*WHAT YOU NEED TO DO*.
Exact copy, pictures excluded: please retype the lines from the start of the material through the line containing "여성용 가죽 복조리 백 사선 가케 블랙", both ends included, and nothing more.

Start of INFORMATION GIVEN

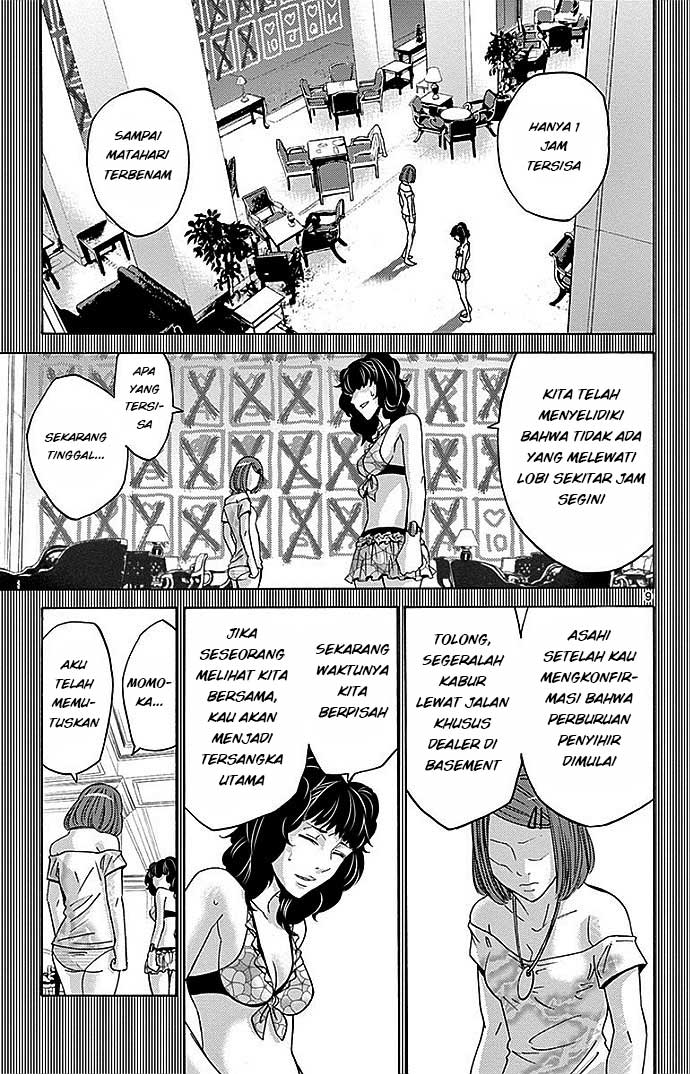 Imawa no Kuni no Alice Chapter 28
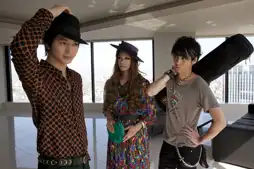 Watch and Download Paradise Kiss 12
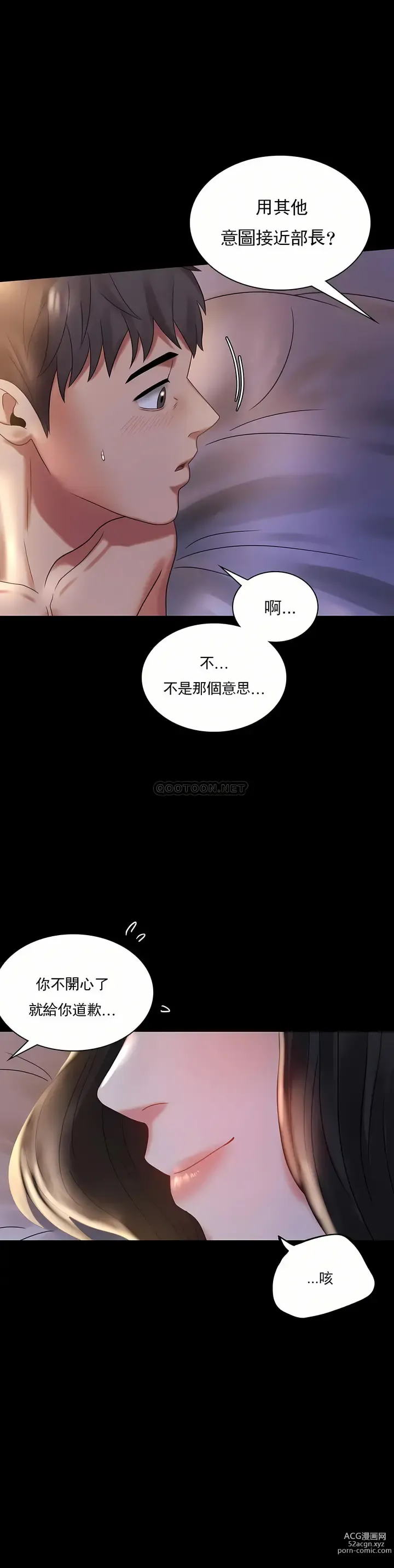 Page 434 of manga 完美妻子的背叛 1-44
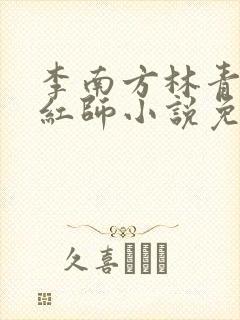 李南方林青青斩红师小说免费阅读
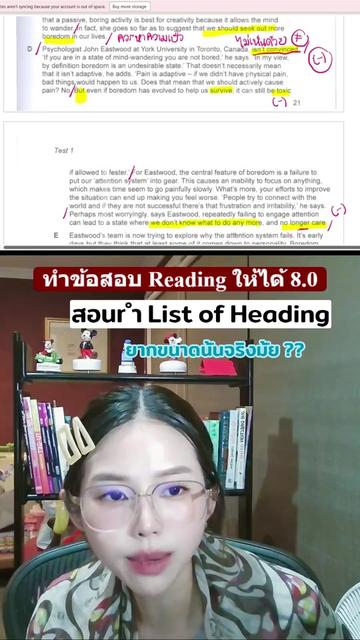 @Enlight English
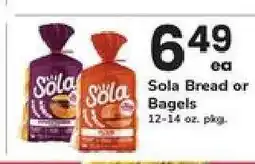 Safeway Sola Bread or Bagels offer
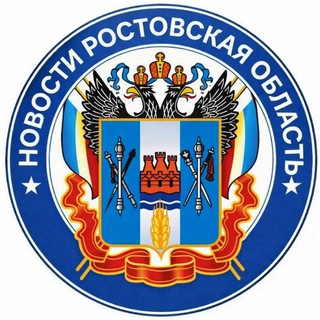 Telegram profile photo for НОВОСТИ РОСТОВСКАЯ ОБЛАСТЬ
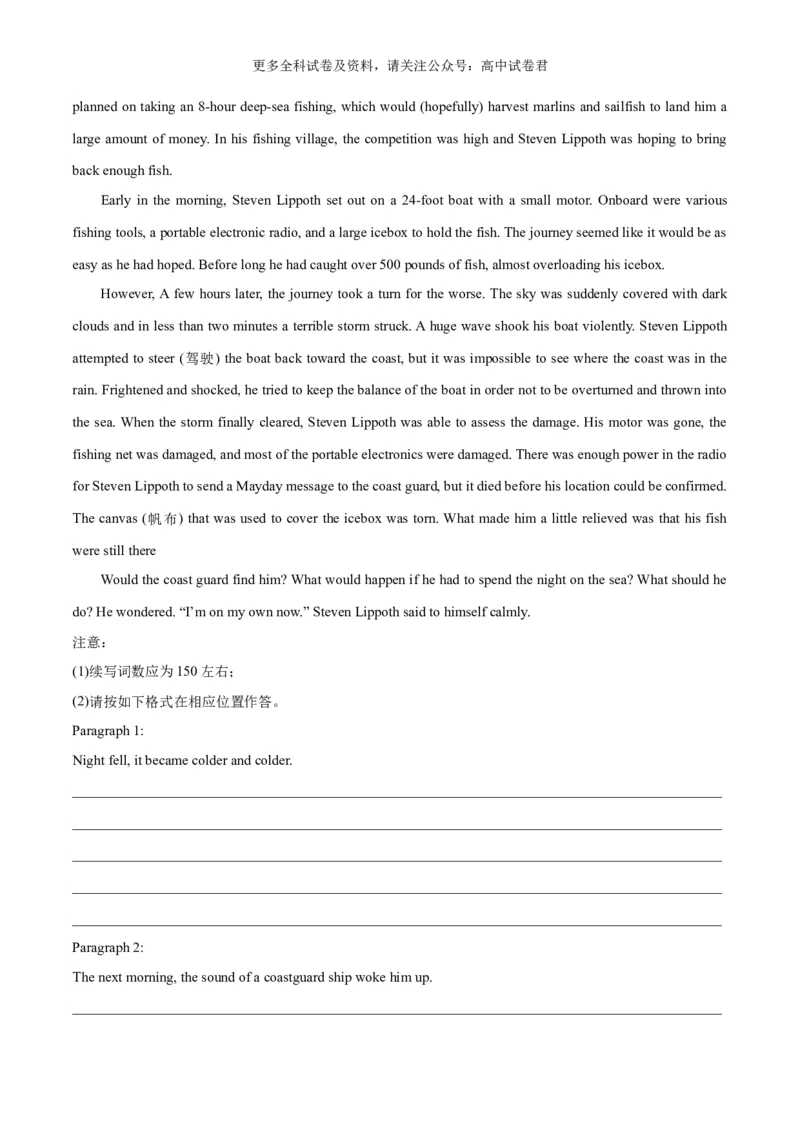 专题16爱心消防员+雨雪救助（热点押题）（原卷版）_2024年4月_其他_高频&middot;热点2024年高考英语话题写作通关必备攻略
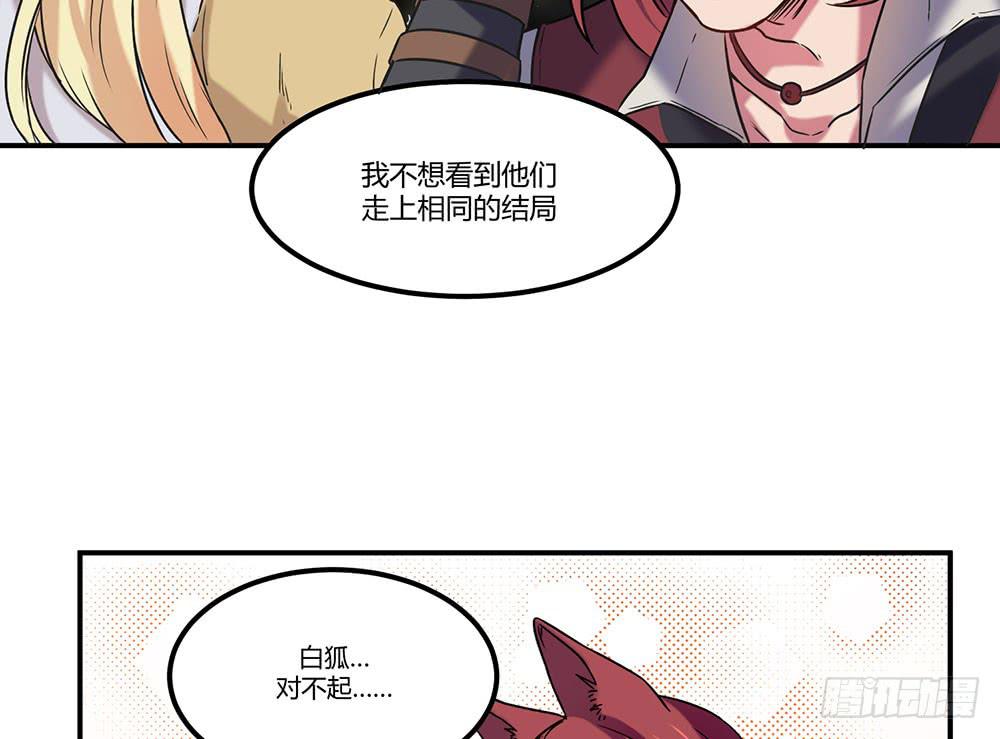 失联的伊萨尔(1/2)-第12话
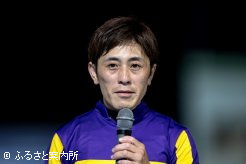 山本政聡騎手は重賞62勝目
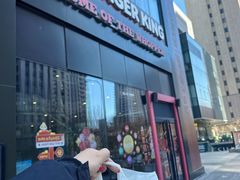 -汉堡王(北京通州领展店)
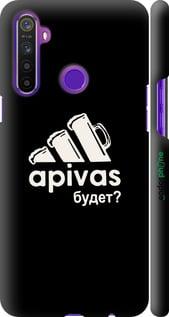 Чохол на Realme 5 А пивас "4571m-1862-7290"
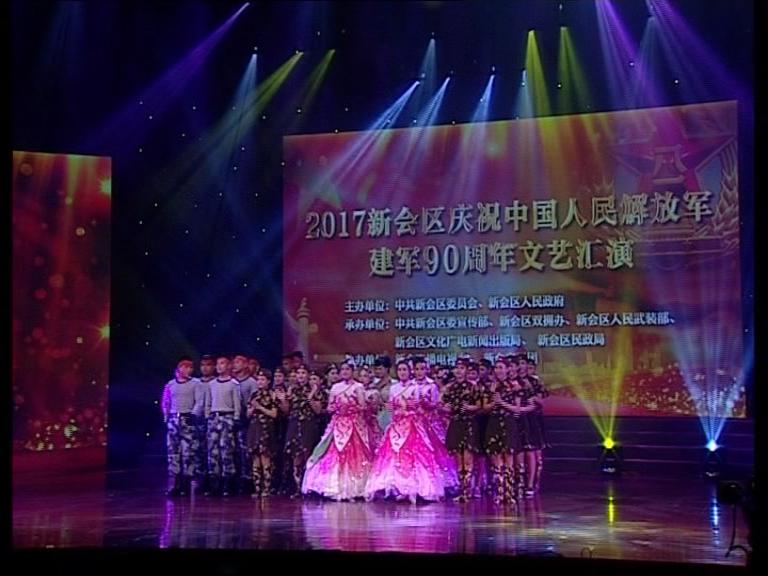 新会区庆祝中国人民解放军建军90周年文艺汇演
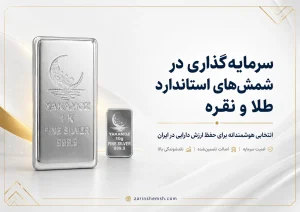مجله خبری 14 سرمایهگذاری در شمشهای استاندارد طلا و نقره؛ 13 نکته ی هوشمندانه برای حفظ ارزش دارایی در ایران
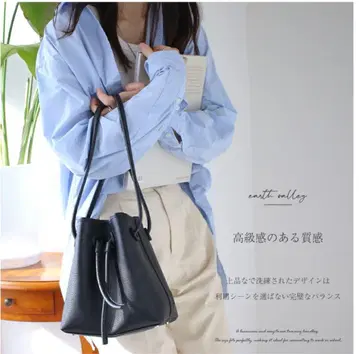 여성용 가죽 복조리 백 사선 가케 블랙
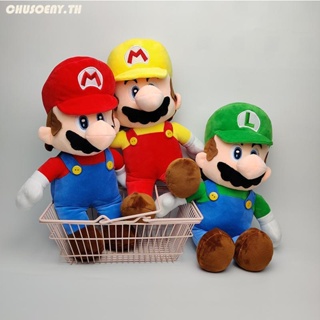 ตุ๊กตาฟิกเกอร์ Super Mario ผ้ากํามะหยี่ขนนิ่ม ขนาด 30 ซม. ของเล่นสําหรับเด็ก chusoeny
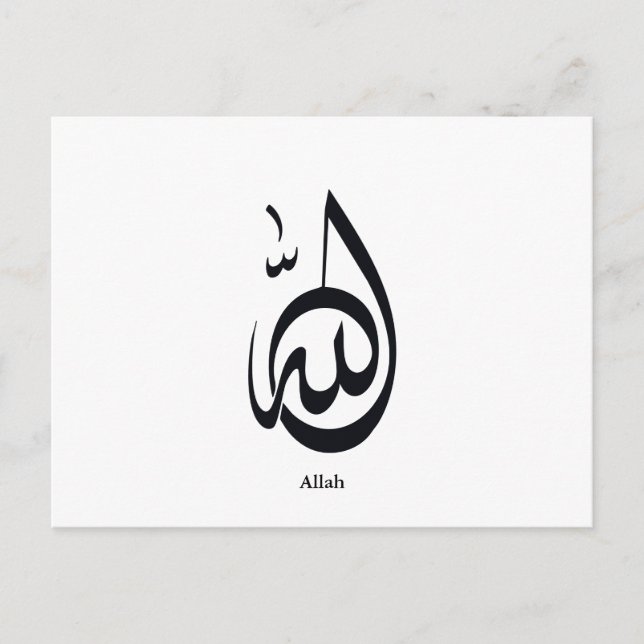 Allah Calligraphy Art | Sacred Arabic Calligraphy Vykort (Framsida)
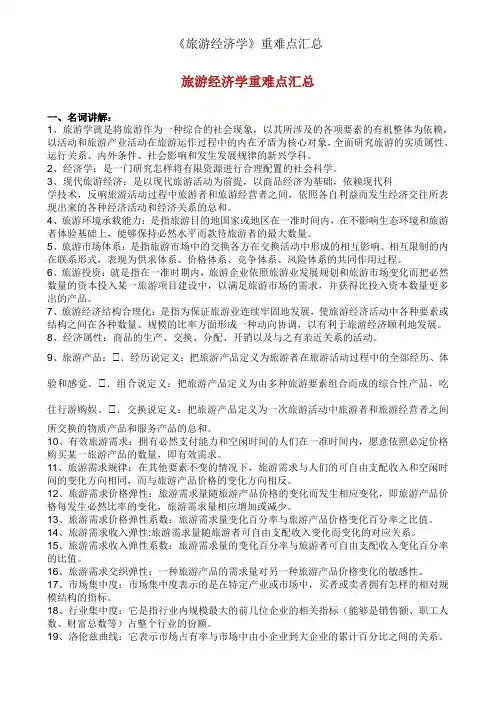 《旅游经济学》重难点汇总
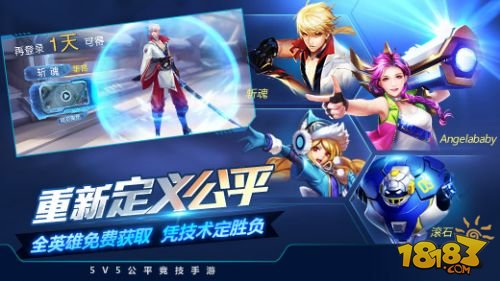 时空召唤_一笑下载站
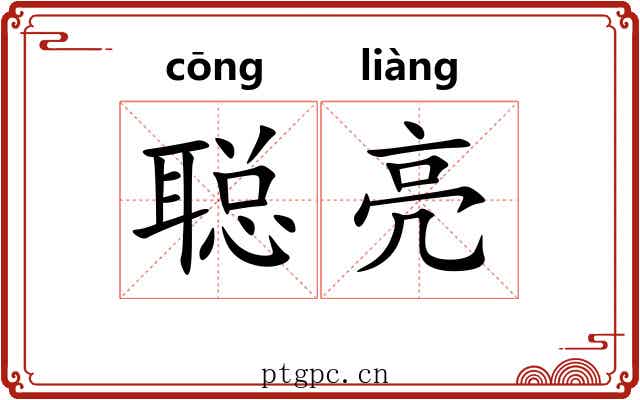 聪亮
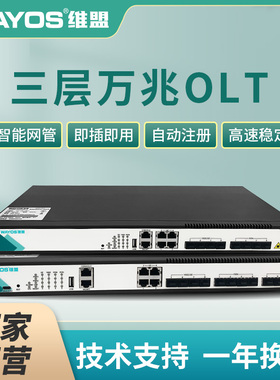 维盟(wayos) 千兆万兆EPON/GPON 4口/8口OLT设备交换机光纤设备全光组网即插即用无源光网络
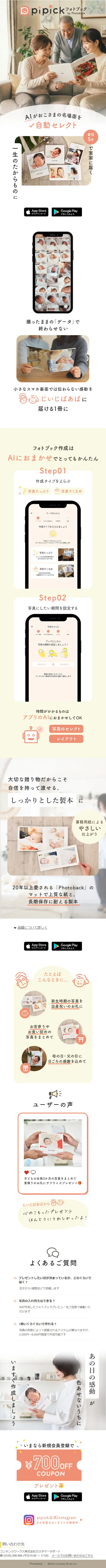 pipickフォトブックのLPデザイン（デザイン・アプリ・システム／ホワイト系／かわいい系）スマホ版
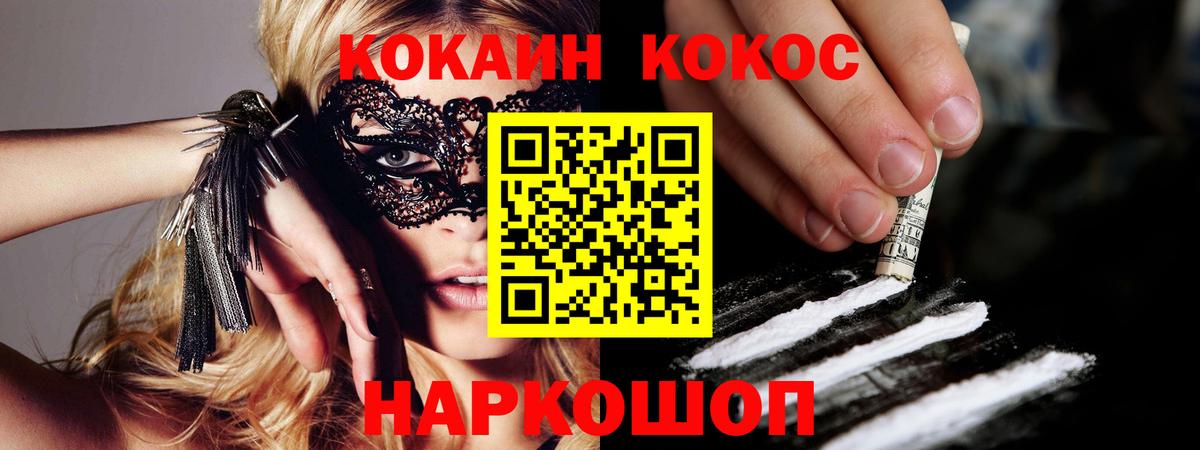 Малоярославец  Кокаин  Кокаин 99%  Вход с VPN  КОКАИН Эквадор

End of INFORMATION GIVEN

*SOLVED EXERCISE*.
 Imawa no Kuni no Alice Chapter 28
 Watch and Download Paradise Kiss 12
 Page 434 of manga 完美妻子的背叛 1-44
 李南方林青青斩红师小说免费阅读
 @Enlight English
 Safeway Sola Bread or Bagels offer
 Telegram profile photo for НОВОСТИ РОСТОВСКАЯ ОБЛАСТЬ
 专题16爱心消防员+雨雪救助（热点押题）（原卷版）_2024年4月_其他_高频&middot;热点2024年高考英语话题写作通关必备攻略
 失联的伊萨尔(1/2)-第12话
 山本政聡騎手は重賞62勝目
 -汉堡王(北京通州领展店)
 Чохол на Realme 5 А пивас "4571m-1862-7290"
 新会区庆祝中国人民解放军建军90周年文艺汇演
مجله خبری 14 سرمایهگذاری در شمشهای استاندارد طلا و نقره؛ 13 نکته ی هوشمندانه برای حفظ ارزش دارایی در ایران
 여성용 가죽 복조리 백 사선 가케 블랙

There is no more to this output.